Private searches do not count as a violation of the Fourth Amendment, unless a government agent instructed someone to do so. One would think the fact that several Geek Squad employees have been paid anywhere from $500 to $1,000 for their finds would be enough to denote the FBI’s involvement with the searches, but the legal aspects of this are murky at best as laws regarding illegal searches have not kept pace with technological innovations.

The case of Dr. Mark Rettenmaier is a perfect example of this. As EFF explains,” [T]he FBI was apparently directing Geek Squad workers to conduct fishing expeditions on people’s devices to find evidence of criminal activity. Prosecutors would later argue, as they did in Rettenmaier’s case, that because private Geek Squad personnel conducted the searches, there was no Fourth Amendment violation.” Since the Rettenmaier case, suspicions of an unsavory relationship between the FBI and the Geek Squad have been running high.

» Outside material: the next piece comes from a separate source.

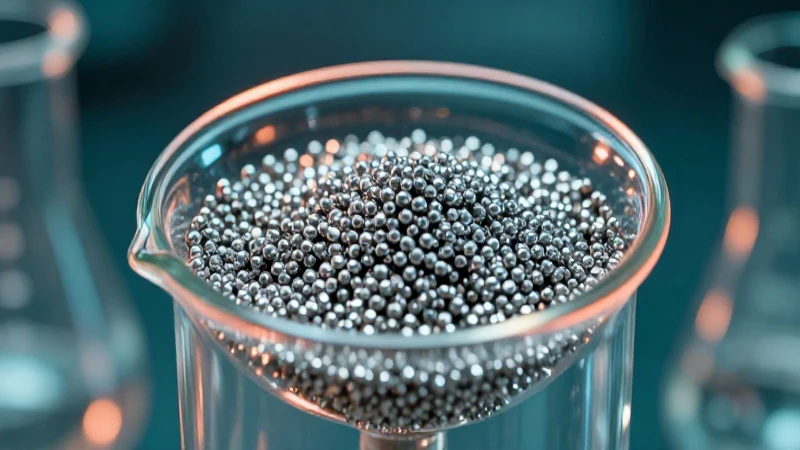 Plata catalizadora: crucial para procesos industriales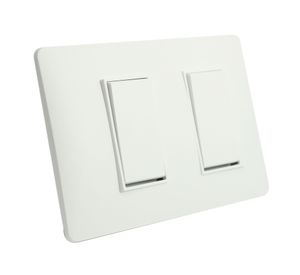 Placa armada interruptor 10A 9/15 blanco Bticino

The judge from Rettenmaier’s case recently ruled that because he had consented to a Geek Squad search of his device, both in writing and verbally, his Fourth Amendment rights had not been violated.

Yet, you might question whether or not previous instruction from the FBI still counts as conducting a search on their behalf — and if that is the case, then there was indeed a violation. EFF writes, “[T]he court’s ruling demonstrates that law enforcement agents are potentially exploiting legal ambiguity about when private searches become government action that appears intentionally designed to try to avoid the Fourth Amendment.”

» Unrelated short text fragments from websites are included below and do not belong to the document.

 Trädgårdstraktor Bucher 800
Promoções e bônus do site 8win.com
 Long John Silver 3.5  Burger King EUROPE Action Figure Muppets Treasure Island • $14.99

The organization goes on to explain that it appears the FBI is exploiting the fact that legally, there is a distinction between purely private searches and searches private citizens conduct at the behest of a government agent. But as EFF explains, there are two factors that help to make this determination:

The federal appeals court covering California and other western states has ruled that determining whether a party is a state or private actor comes down to two elements: (1) whether government officials knew of and agreed to the intrusive search and (2) whether the party conducting the search intended to assist law enforcement or further her own ends.

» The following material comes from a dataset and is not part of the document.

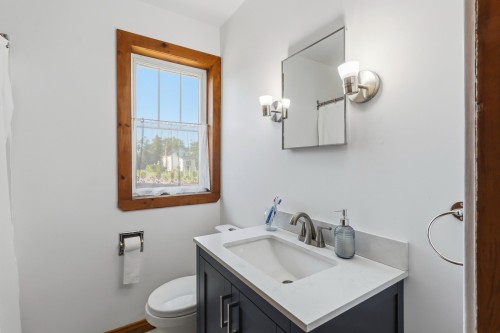 Salle de bains - 385 Rg Du Quarante, Très-Saint-Sacrement, QC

If we apply these stipulations to Geek Squad employees, it’s obvious that they should be considered agents of the government, or at the very least, people acting on the government’s behalf. The payments given to Geek Squad members by the FBI illustrate that these illegal searches were conducted to benefit the FBI — and these payments also show that the FBI knew about the searchers and instructed the Geek Squad associates to perform them.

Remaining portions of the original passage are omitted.